My main dish was the chili con carne, but I was scared that a 6 quart Crockpot of chili would not be enough, so I made a backup pot of chicken chili. The recipe for that is the same, except I used chicken. I also added corn.
I was also worried that we wouldn't have enough hot dogs for the kids, so I also roasted some hoisin garlic chicken. We seem to eat a lot of chicken legs in the cul de sac. We joke with the Kims about it, but it's true - the kids will always eat these! To make the Hoisin Garlic Chicken, marinate the chicken in fish sauce or soy sauce with hoisin sauce and garlic. Really the fish sauce is a great brining agent that helps any meat stay tender and moist! Don't forget to add black pepper.
Preheat the oven to convection roast 400 degrees. When it's ready, put the chicken in for 20 minutes. I had 10 drumsticks. After 20 minutes, change the temperature to 325 degrees and cook another 30 minutes. Let rest about 15 minutes, then they're ready.
Since I bought a new crockpot (my first one since Jereme's mom bought me one back in 1999?), I was able to share 2 different items in a slow cooker this year. I thought the kids would enjoy some Italian style meatballs. I didn't have time to cook all day, so I got a bag of the Italian meatballs from Sams and put them in the slowcooker for 3 hours on high with 2 cans of Cream of Mushroom Soup with Roasted Garlic and a cup of chicken stock. They loved them!
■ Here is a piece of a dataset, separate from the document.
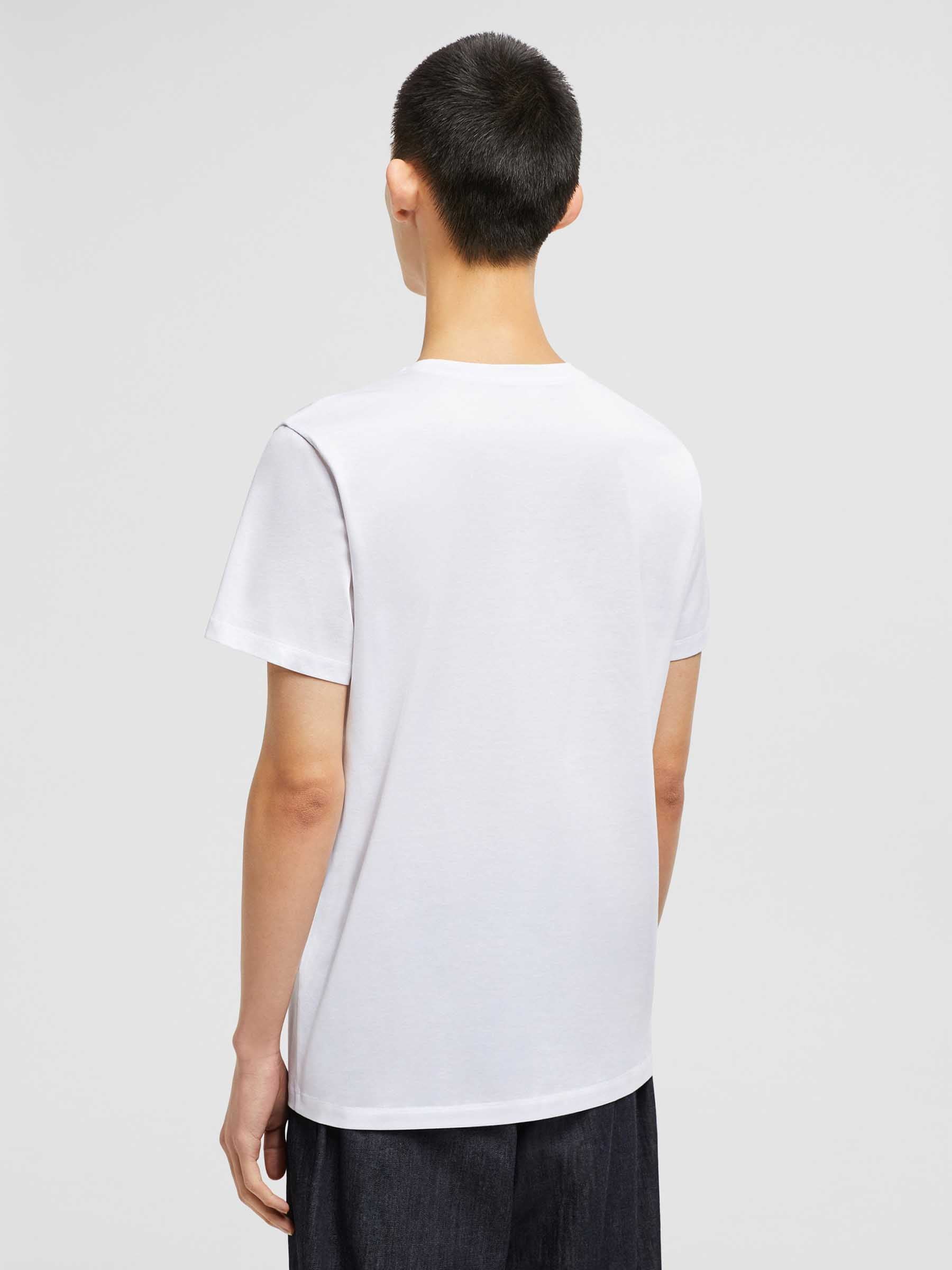 Cotton T-Shirt Logo Moncler оригінал – Купити в Україні – детальний вид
Thanks to my friend Matt at AKC Party Rentals for the awesome bouncey house!!! It's so much fun to jump in these things, no wonder the kids jump in them for hours and hours....while the grownups are inside cooking, cleaning, and paying the bills. If only I could jump carelessly all day in one of these things!
Chili Con Carne
- 2 Pounds of lean ground beef
- 2 Pounds of chuck roast, trimmed of fat and diced into bite sized pieces
- 2 Onions coursely chopped
- 5 Cloves of garlic
- 2 Packages Williams Chili packets (look for silver and black)
- 1 Can of roasted garlic diced tomatoes - Hunts has no high fructose corn syrup!
- 1 Can of Rotel Mexican diced tomatoes with lime and cilantro
- 1 Can of no salt added black beans, drained and rinsed
- 1 Cup of water
- 1 beef bouillon cube
- Beef stock
- Ground Cumin
- Cayenne Pepper
- Shredded cheddar
- Sour cream
- Diced onion, raw
- Brown the ground beef in a large dutch oven or braiser. Add a little salt and pepper. Drain off fat, then add to a 6 quart slow cooker. Brown the chuck roast cubes, drain off fat, and add to slow cooker. Continue to season in layers with salt and pepper.
- If needed, add more oil to the pan. Then, add onions and cook until tender. After about 10 minutes, add the finely chopped garlic cloves. Drain off fat and add to slow cooker.
- To the pan, add one cop of water. Bring up to a boil, while whisking the browned bits on the pan. When it boils, add the bouillon cube and stir to dissolve. Add to slow cooker.
- Next, add tomatoes, Rotel tomatoes, and black beans.
- Add more beef stock depending on the consistency that you like your chili.
- Heat on low with the lid on for 7 hours.
- Taste the chili, and if needed, add salt or more cumin and cayenne, depending on how spicy you like your chili.